- _WHAT IS NEEDED_: Each line below should be repeated exactly as written, with no pictures carried over.

- _RECORDED DATA_:
- Opening Delimiter -

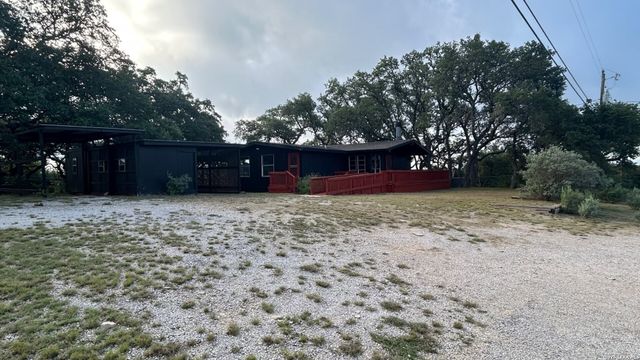 537 Tamarack Drive, San Antonio, TX 78133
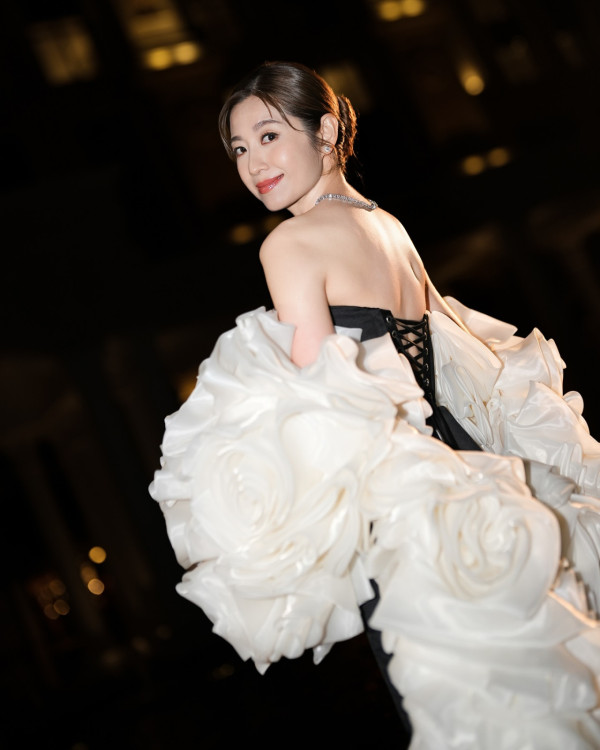 陳自瑤內地工作酒店換衫卸妝片流出 43歲素顏真面目驚人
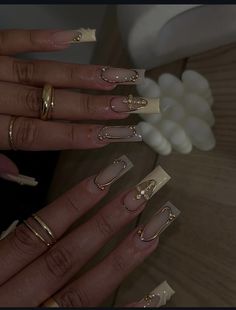 @yayanailz on ig Nude Nails With Glitter, Black And Gold Nails, Black And Nude Nails, White Nails With Gold, Gold Chrome Nails, Birthday Nail Designs, Gold Acrylic Nails, Cross Nails, Gold Nail Designs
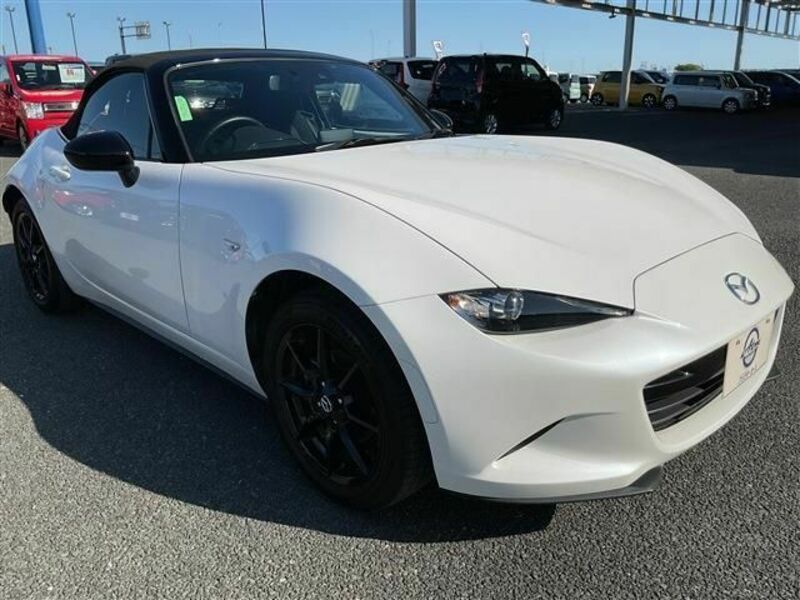 ROADSTER-24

- Closing Delimiter -

- _RESPONSE FOR THIS EXERCISE_:
 537 Tamarack Drive, San Antonio, TX 78133
 陳自瑤內地工作酒店換衫卸妝片流出 43歲素顏真面目驚人
 @yayanailz on ig Nude Nails With Glitter, Black And Gold Nails, Black And Nude Nails, White Nails With Gold, Gold Chrome Nails, Birthday Nail Designs, Gold Acrylic Nails, Cross Nails, Gold Nail Designs
 ROADSTER-24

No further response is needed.